Em crescimento, mercado de jogos no Brasil recebe novo incentivo à diversidade

A indústria de jogos eletrônicos no Brasil já é líder na América Latina e a 13ª maior em todo o mundo. Segundo estudo da PwC, o mercado nacional de games possui um faturamento de aproximadamente US$ 1,5 bilhão, e deve crescer em cerca de 5,3% até 2022.

O II Censo da Indústria Brasileira de Jogos Digitais mostra que existem 375 empresas deste segmento formalizadas no País. Porém, dentre elas, mais da metade não possui nenhum negro no seu quadro de funcionários.

Pensando em mudar este panorama, a Abragames (Associação Brasileira dos Desenvolvedores de Jogos Digitais) lançou o selo de Apoio e Incentivo à Diversidade Racial. A ideia é promover a cultura do respeito e da igualdade nos ambientes de trabalho da indústria de jogos no Brasil.

O selo é destinado a empresas associadas à Abragames, eventos e patrocinadores que cumpram a cota de 10% de pessoas negras e indígenas entre seus funcionários. A porcentagem ainda é vista como baixa pela entidade, considerando que o Brasil possui 54% de pessoas negras ou pardas segundo o IBGE.

“Porém, na indústria de jogos, a presença deste grupo ainda é muito baixa e queremos começar a mudar isso e incentivar empresários e equipes a incluir este grupo da população em suas equipes”, pondera Simon Gamboa, representante negro do Conselho da Diversidade e um dos autores do selo da Diversidade Racial da Abragames.

Em janeiro deste ano, a associação também lançou o mesmo selo de Apoio e Incentivo à Diversidade, mas para as categorias Gênero e LGBTQI+.
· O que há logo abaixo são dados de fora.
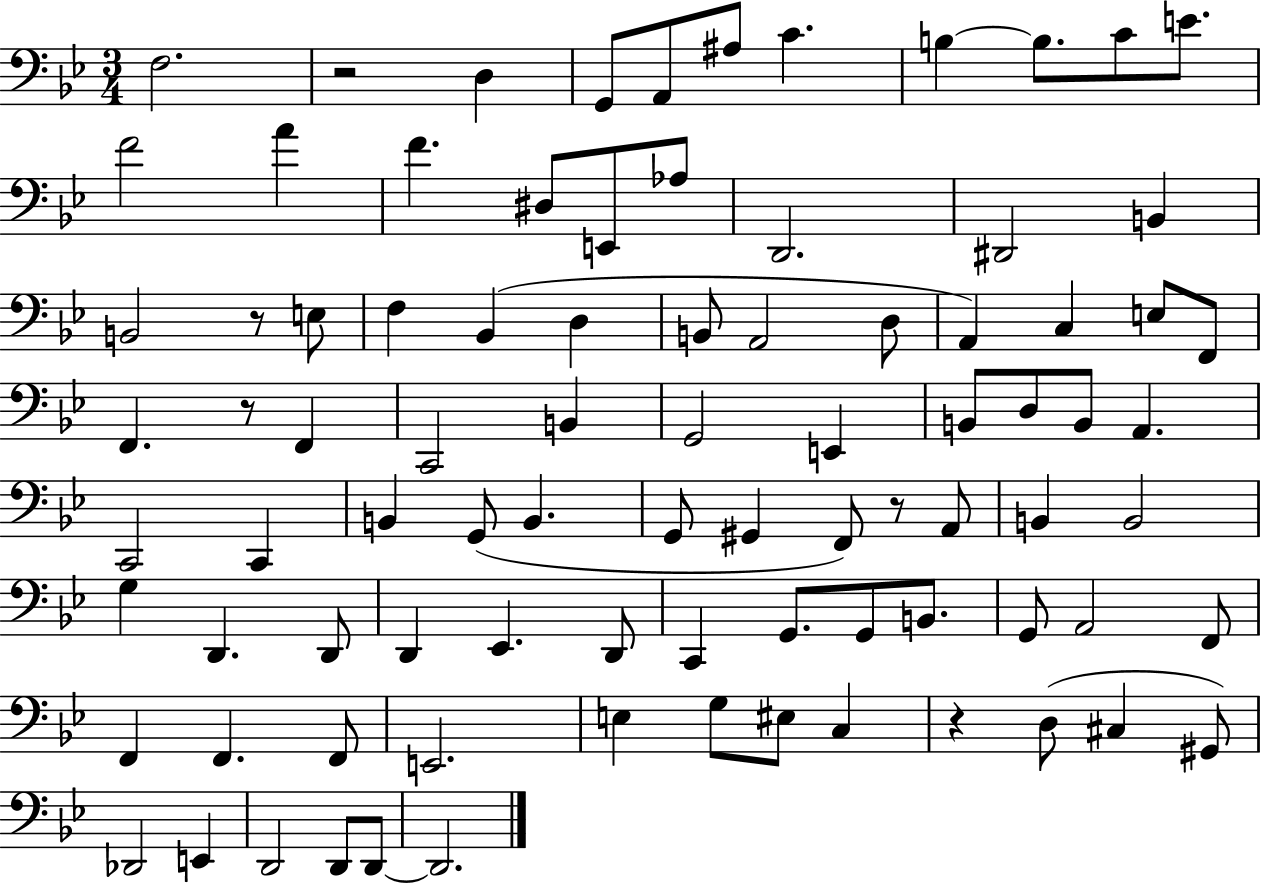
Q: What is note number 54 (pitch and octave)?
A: D2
Para anunciar a criação do selo, o Conselho de Diversidade da Abragames promoveu, no dia 07 de agosto deste ano, o debate “Representatividade Negra nos Games”, na Unibes Cultural. O evento reuniu profissionais do setor para discutir o tema.

Entre os participantes, estiveram presentes Zé Wilson, do estúdio Pix Juice; Raquel Motta, da Sue The Real; Lucas Berto, da PUGA Studios; e Cristhyane Ribeiro, da Sinergia Games.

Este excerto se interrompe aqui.